By Philip Bowring - International Herald Tribune 

HANOI - The U.S.-Chinese agreement on the World Trade Organization may prove as much a catalyst for Vietnam as for China. That, at any rate, is what liberalizers earnestly hope after recent setbacks to market opening.

 Zhu Rongji's visit here this week should strengthen the position of those in the leadership, notably Prime Minister Phan Van Khai, who were rebuffed in October when the Politburo, under the influence of retired heroes of the revolution and some entrenched socialist bureaucratic interests, declined to sign off on a deal that would have normalized trade relations with the United States.

 Rejection entrenched the sense of frustration among foreign diplomats and investors with the snail's pace of change.

 Foreign investment has been falling and companies have been closing representative offices. The one big deal which might spark a revival of interest, a huge offshore gas project, is moving slowly toward realization. 

Attempts at the November Central Committee plenum to clean up the system by removing some high-profile figures, including a deputy prime minister, are seen by pessimists as more an indication of political infighting than of reform. There was scant sign from the plenum that the leadership was planning to use the Party congress due in 2001 to launch a second stage of doi moi, the reform movement.

 Particularly disappointed are those foreigners who had been assuming almost since doi moi began a decade ago that the intelligent, hardworking Vietnamese could emulate Chinese reform and quickly move toward ''economic tiger'' status.

 The problem is that Vietnam is not China. In the longer run it has many ingredients - the country is compact, homogeneous, coastal - which could enable it to surpass China. But rapid change from the era of war to that of commerce is held back by several factors.

 They include a collective leadership and evident lack of a Deng Xiaoping; the absence of a cultural revolution to react against; lack of a large, rich and trusted overseas Vietnamese community to spur investment and trade; a shortage of highly trained people to direct policy-making; a consensus approach to decision-making at all levels and hence an aversion to risk; the prickly nationalism of a small country which has suffered much at foreign hands; the proximity of the triumph of revolution (1975, not 1949).

 Maybe only time and state funerals can remove these obstacles, and the leadership will eventually reflect the fact that most of the population was born after the war.

 But the gloom may be overdone. It is anyway a foreign perspective. From a Vietnamese one, economic reform is continuing, albeit cautiously. The currency, inflation and the overall economy were stable through the Asian crisis, and slower growth has been due more to external circumstances than to domestic failings. Socialist planners note that foreign capitalists misjudged the market. Much investment of the mid-'90s was speculative or produced gluts of hotel rooms, beer and motor bikes.

 Farm output remains buoyant, and the remarkable reduction (according to the World Bank) in rural poverty achieved since doi moi began continues.

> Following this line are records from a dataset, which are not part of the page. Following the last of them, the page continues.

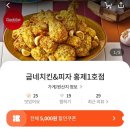 굽네치킨(홍제1호) 이미지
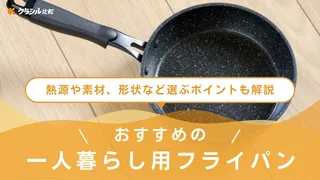 一人暮らし用フライパンのおすすめ8選!選び方やサイズ別に人気アイテムをご紹介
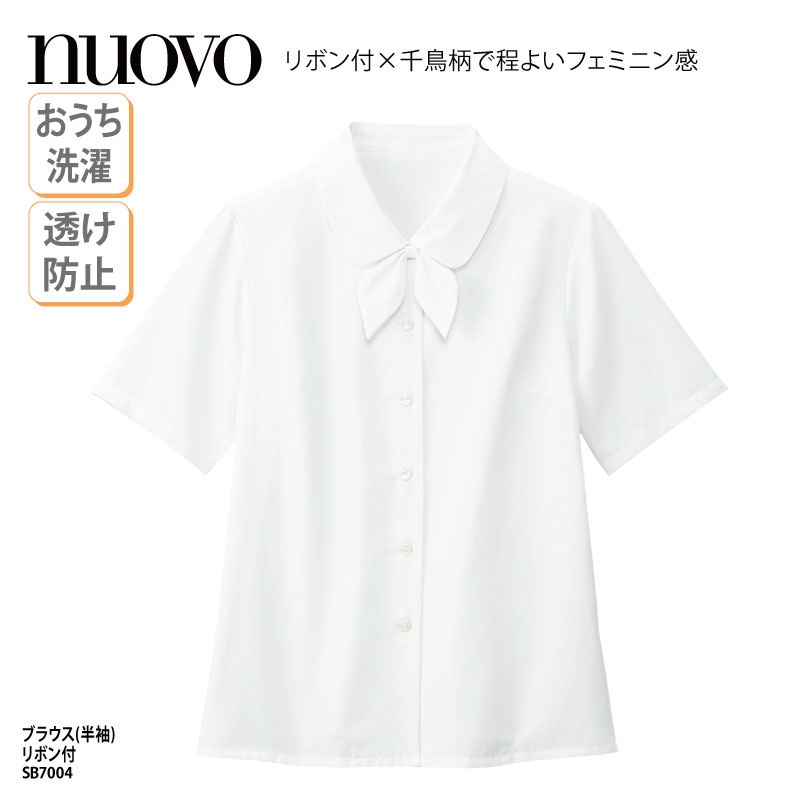 ブラウス シャツ 半袖 ホワイト 白 千鳥柄 レディース 女性用 制服 事務服 オフィスウェア シンプル 定番 透け防止 NUOVO ヌーボ SB7004 刺繍 プリント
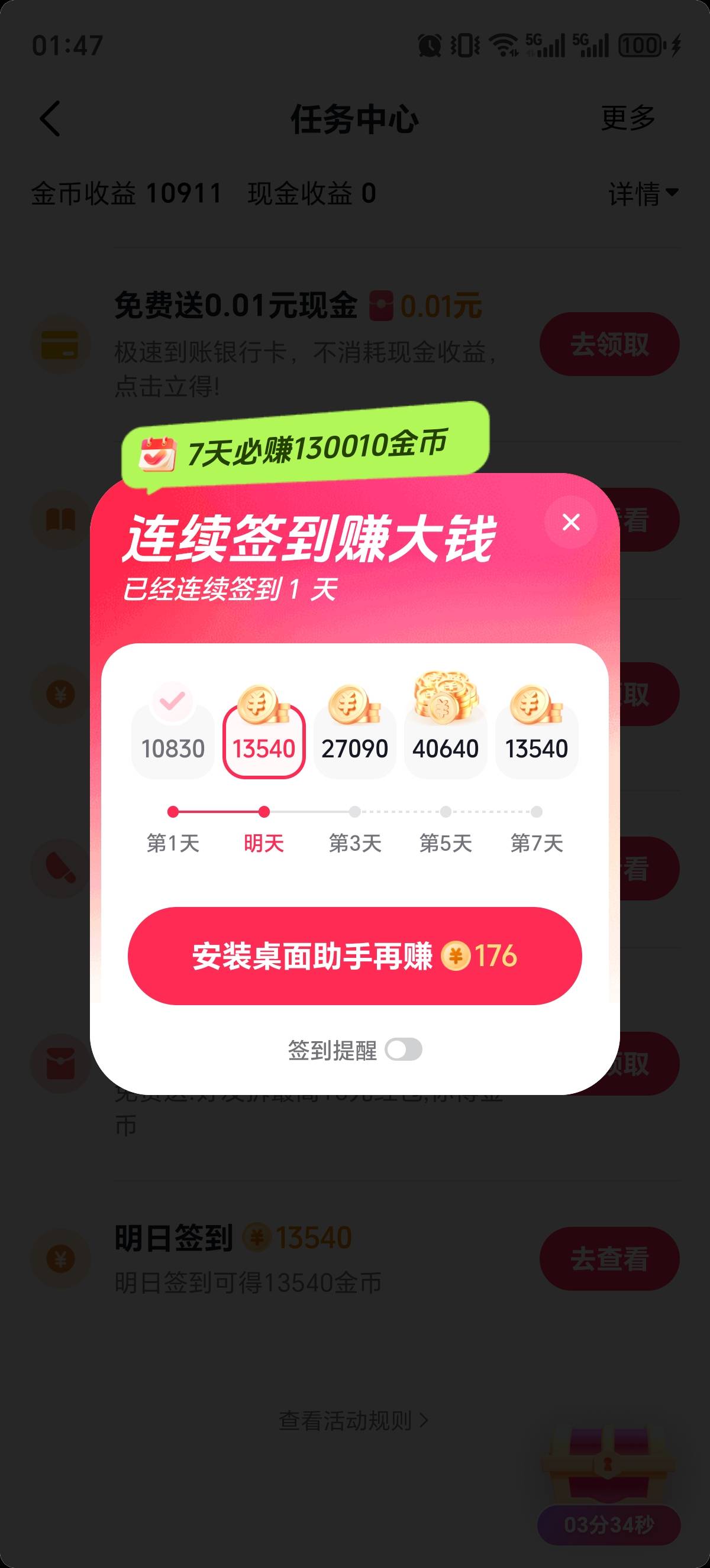 刚刚看了下抖音号，一个号签到七天20毛，一个13毛，两个9毛



30 / 作者:三金果果 /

 Despite suppression of dissent, even the political system is not entirely moribund, with some measure of accountability being evident at the National Assembly. Failings - particularly of the loss-making, credit-guzzling state enterprises - are acknowledged even if rectification is, as in China, frustrated by bureaucratic vested interests and fear of unemployment.

 The private sector is growing, albeit from a small base. Banking reforms exist on paper at least. The problem: Change is too slow to raise the pace of development to anything like the potential. Which is why the normal-trade-relations deal with America is so important.

 Lack of competitive access to the U.S. market for manufactures is not only a huge disincentive to investment. The fine print of the deal will require Vietnam to open up some hitherto closed sectors to foreign investment. It will speed the removal of various nontariff barriers to trade, and this, as in China, will pressure the state sector.

 A U.S. agreement is likely to have more impact than the liberalization that Vietnam is supposed to undertake under its ASEAN commitments.

 ''Too far, too fast'' was the reaction of a consensus-seeking Politburo that still has its share of Marxist true believers as well as heroes of the war with America. They fear for the role of the party as well as for social stability should the pace of change accelerate. Nor were they swayed by the argument that Vietnam should sign now and quibble about implementation later.

 The Politburo is unlikely to change its mind immediately. Nor is there any prospect of Washington sweetening the deal as it did for China. The Vietnam market is scant attraction.

 Hanoi will watch to see whether China gets through the final WTO hoops. If the collective leadership can agree toa change of heart, the pace of change will begin to pick up again, reinforcing a favorable turn in the business cycle.

 If not, slow progress will remain the order of the day. Vietnam could miss a chance to narrow the development gap with its neighbors and to strengthen its economic links with Asian countries, which would contribute to its security.